DE 36 07 648 C2, which corresponds to U.S. Pat. No. 4,679,313 Jul. 14, 1987 discloses a motor in which permanent-magnet annular segments are arranged on an iron sleeve, thus forming a cylindrical permanent-magnet rotor. The permanent magnets are magnetised in such a manner that in the direction of the air gap each north pole is followed by a south pole. The rotor is surrounded by a cylindrical stator without winding slots. The winding is arranged in the air gap between the permanent-magnet rotor and a soft-magnetic stator sleeve.
If only those materials which are currently used in large quantities are considered, these segments can be made either of ferrites, which are cheap but which generate comparatively weak magnetic fields, or rare-earth materials, which are expensive but which produce strong magnetic fields.
For both groups of materials a distinction is made between sintered and resin-bonded materials. The sintered materials are anisotropic, as a result of which the magnetic fields produced by them are stronger than those produced by the isotropic resin-bonded materials. The disadvantage of sintered materials is that they can be manufactured only in simple shapes and these shapes are anisotropic only in a few directions which are dictated by physical properties. Therefore, only simple magnetisation patterns can be produced. Moreover, it is very difficult to manufacture sintered magnets with narrow tolerances of their mechanical dimensions. Conversely, resin-bonded materials have the advantage that components with complicated geometries and narrow mechanical tolerances can be manufactured at low cost and that by means of a suitable magnetisation process it is also possible to obtain intricate magnetisation patterns in the material.
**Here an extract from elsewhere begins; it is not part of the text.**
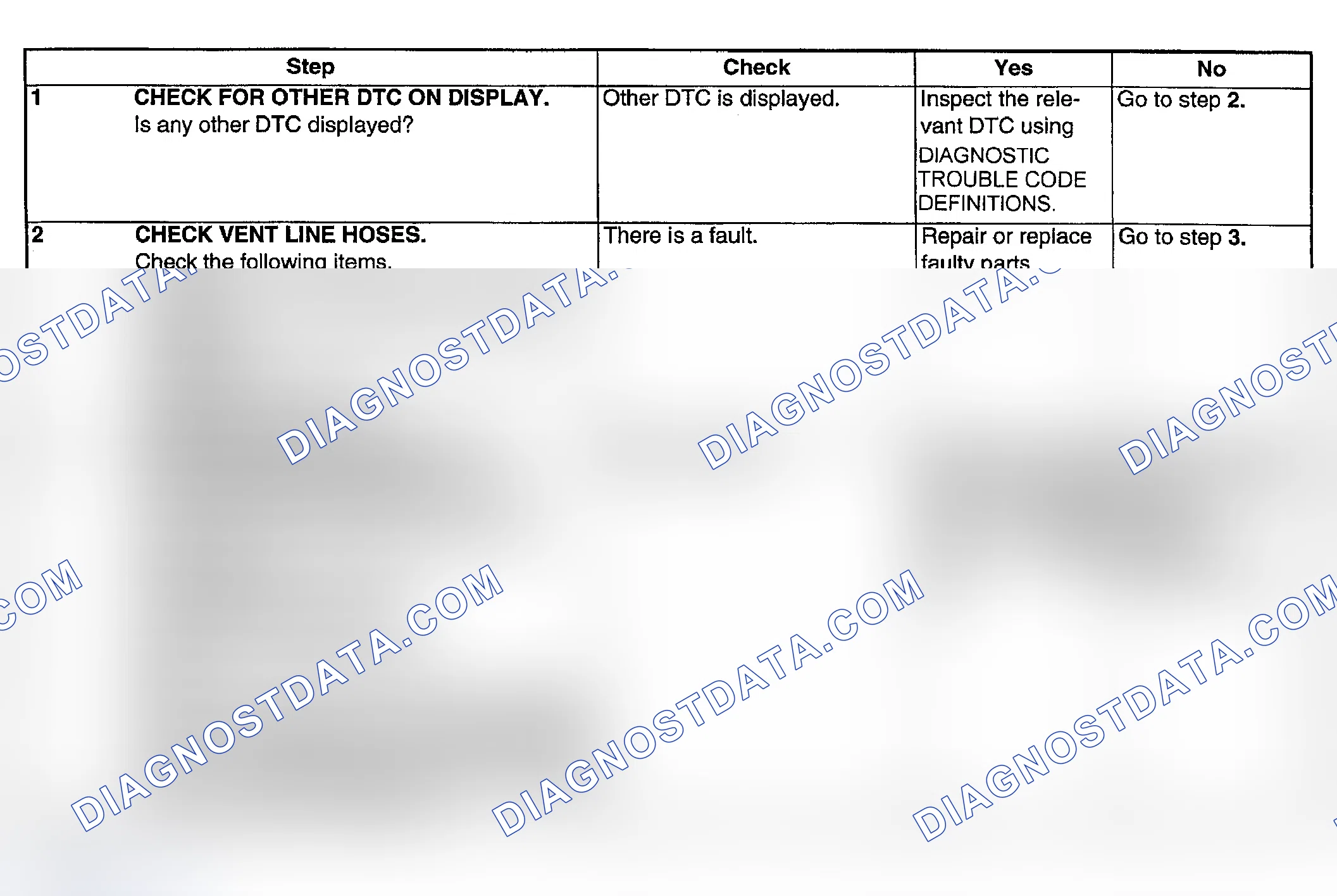 Scheme 257: DIAGNOSTIC PROCEDURE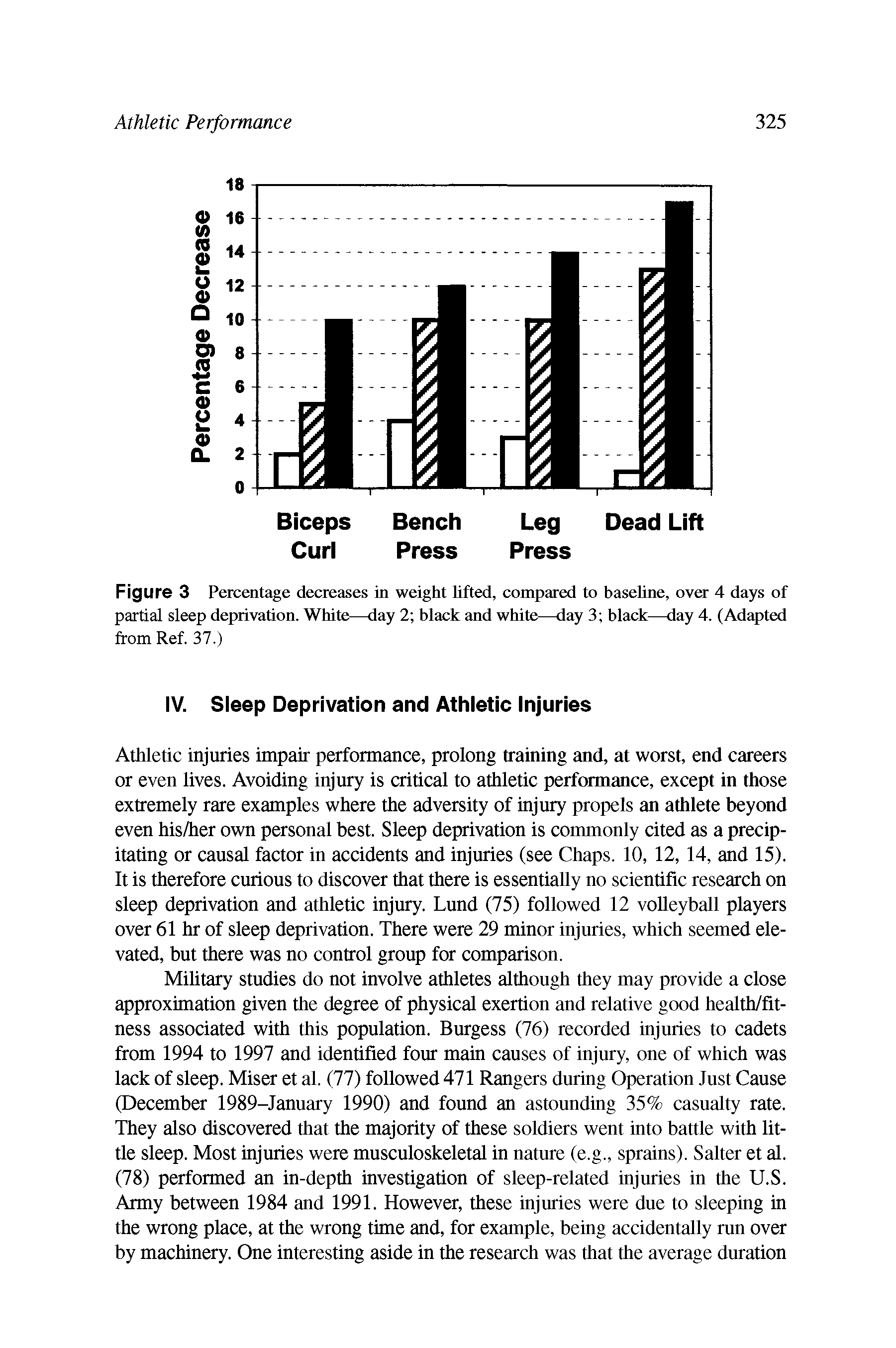Figure 3 Percentage decreases in weight lifted, compared to baseline, over 4 days of partial sleep deprivation. White—day 2 black and white—day 3 black—day 4. (Adapted from Ref. 37.)...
A problem when generating multi-pole radial magnetic fields is that to date cylinders or hollow cylinders with radial anisotropy cannot be manufactured in an industrial process. It is possible to manufacture cylinders or hollow cylinders with diametral anisotropy, but these are only capable of generating two-pole magnetic fields and are therefore not suitable for uses requiring magnetic fields with a larger number of poles.
The manufacture of the rotors described in DE 36 07 648 C2 is intricate because the permanent-magnetic annular segments each have to be glued onto the rotor sleeve. To guarantee a reliable operation rotor binding is necessary. Large magnetic fields can be obtained when-the magnet segments are made of an anisotropic material. However, even the production of annular segments from an anisotropic material is already very intricate.
From DE 42 16 938 (PHD 92.057) a permanent-magnet rotor is known which consists of an iron yoke having radial slots in which block-shaped permanent magnets are mounted. These permanent magnets are magnetised circumferentially and have a direction of magnetisation which changes from magnet to magnet in the circumferential direction. These rotors can be manufactured more simply than the rotors known from DE 36 07 648 C2. Gluing the blocks into the slots is not a problem. No additional fastening is required. Their simple geometry allows the block-shaped magnets to be simply made of an anisotropic material and to be subsequently magnetised so that large magnetic fields can be produced.